Retraites : derniers face-à-face avant la grève du décembre
Syndicats et patronat se succèdent à Matignon depuis hier matin pour discuter de la réforme des retraites, sans grand espoir de compromis avant la grève du 5 décembre, tandis que le gouvernement est convoqué en séminaire dimanche pour préparer l’épreuve de force. Alors qu’Edouard Philippe enchaînait les entretiens avec les partenaires sociaux, son entourage a fait savoir en début d’après-midi que l’ensemble du gouvernement participerait à cette réunion sur le dossier des retraites, afin de « caler la feuille de route ». « Le Premier ministre veut rappeler le sens de la réforme », mais aussi « fixer le calendrier au-delà du 5 décembre » et « revoir le plan pour limiter au maximum l’impact de la grève pour les Français », a expliqué cette source.
Un ordre du jour qu’appelait de ses voeux Geoffroy Roux de Bézieux, reçu en premier, hier matin, et qui a enjoint le gouvernement de « clarifier les choses » avant une mobilisation potentiellement massive et durable. Le président du Medef a dit s’attendre à « des difficultés » à partir du 5 décembre et a « demandé aux employeurs d’être bienveillants, notamment en région parisienne », tout comme la ministre du Travail, Muriel Pénicaud, qui avait demandé samedi « aux chefs d’entreprises d’être compréhensifs avec leurs salariés » et de faciliter le recours au télétravail.
La crainte du patronat prend toutefois corps : lancé par les syndicats de la RATP et de la SNCF, l’appel à une grève reconductible contre la réforme des retraites a été rejoint par la CGT, FO, FSU et Solidaires, puis par des organisations d’Air France, d’EDF, d’avocats, de magistrats...
Fait rare, les cadres de la CFE-CGC ont appelé à manifester, et la CFTC a laissé ses syndicats libres de rallier le mouvement.
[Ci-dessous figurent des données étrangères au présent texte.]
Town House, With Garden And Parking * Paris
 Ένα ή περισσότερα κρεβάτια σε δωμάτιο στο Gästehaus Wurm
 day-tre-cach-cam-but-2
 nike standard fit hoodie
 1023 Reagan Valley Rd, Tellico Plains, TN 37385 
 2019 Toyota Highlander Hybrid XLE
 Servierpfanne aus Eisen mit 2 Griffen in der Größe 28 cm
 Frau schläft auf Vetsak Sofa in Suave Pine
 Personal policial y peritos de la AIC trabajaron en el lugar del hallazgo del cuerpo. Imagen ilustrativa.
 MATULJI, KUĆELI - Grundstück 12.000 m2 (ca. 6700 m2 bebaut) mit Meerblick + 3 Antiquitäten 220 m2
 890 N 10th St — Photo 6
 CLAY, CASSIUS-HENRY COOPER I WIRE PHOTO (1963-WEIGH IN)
Même la CFDT, qui soutient globalement la réforme, a laissé sa fédération cheminote déposer un préavis, avec l’espoir d’obtenir l’application de la « clause du grand-père » ,qui réserverait la réforme aux seuls futurs embauchés de la SNCF.
Les régimes spéciaux ciblés par Macron
En réponse, l’exécutif a durci le ton en ciblant les régimes spéciaux, qu’Emmanuel Macron juge « d’une autre époque ». Une partition reprise en choeur par Mme Buzyn, qui a pointé « des revendications très corporatistes » ,et par le président de l’Assemblée nationale, Richard Ferrand, qui a dénoncé « une mobilisation pour conserver des inégalités ». Matignon veut néanmoins montrer que « le dialogue social continue » et assure que ces deux journées de face-à-face ont pour but « de faire un point sur l’ensemble de la réforme ». Les discussions se sont poursuivies en fin de journée avec la CFDT, l’Unsa et Force ouvrière, avant de reprendre ce matin avec la CGT, l’U2P et la CFECGC. Dans la foulée, le Premier ministre, accompagné de la ministre des Solidarités Agnès Buzyn et du haut-commissaire aux retraites Jean-Paul
Delevoye, iront « débriefer les réactions des corps intermédiaires » et faire la « pédagogie » de la réforme des retraites auprès des députés de la majorité (LREM et MoDem). Les positions des uns et des autres sont cependant connues. Le leader de FO, Yves Veyrier, a ainsi prévenu qu’il viendrait « expliquer les raisons pour lesquelles (il est) contre un régime universel par points ».
« Une mobilisation très massive »
Quant au numéro un de la CGT, Philippe Martinez, il considère que «le président de la République essaye de diviser les Français », et a prédit une mobilisation « très massive », espérant qu’elle aille « bien au-delà des régimes spéciaux » et qu’elle dure « jusqu’à ce qu’on retire ce mauvais projet ».
Seul soutien de poids à la réforme, le secrétaire général de la CFDT, Laurent Berger, exhorte pour sa part l’exécutif à sortir de « l’ambiguïté » et répète son refus de toucher à la durée de cotisation ou l’âge de départ, faute de quoi il « appellera les salariés à se mobiliser ».